=== Supplied material ===

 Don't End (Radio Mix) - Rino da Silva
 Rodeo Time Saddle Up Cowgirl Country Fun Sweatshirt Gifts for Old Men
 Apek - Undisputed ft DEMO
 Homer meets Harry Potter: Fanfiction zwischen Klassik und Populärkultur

===
=== Supplied material ===

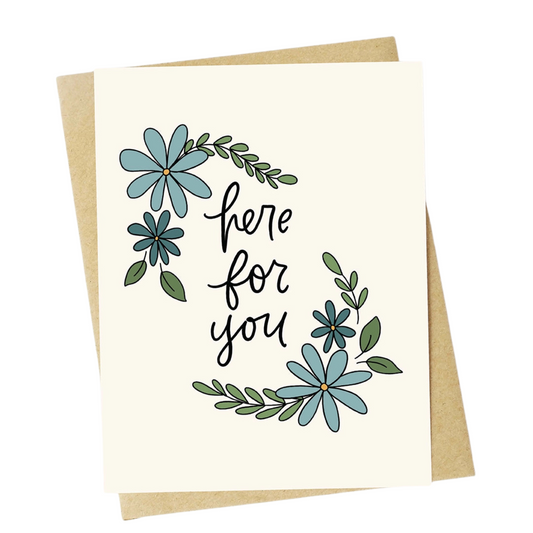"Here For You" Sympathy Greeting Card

===

Would you please copy, word for word, everything above from the line containing "Don't End (Radio Mix) - Rino da Silva" down to the line containing "Homer meets Harry", those two lines included?

Expected answer ->
 Don't End (Radio Mix) - Rino da Silva
 Rodeo Time Saddle Up Cowgirl Country Fun Sweatshirt Gifts for Old Men
 Apek - Undisputed ft DEMO
 Homer meets Harry Potter: Fanfiction zwischen Klassik und Populärkultur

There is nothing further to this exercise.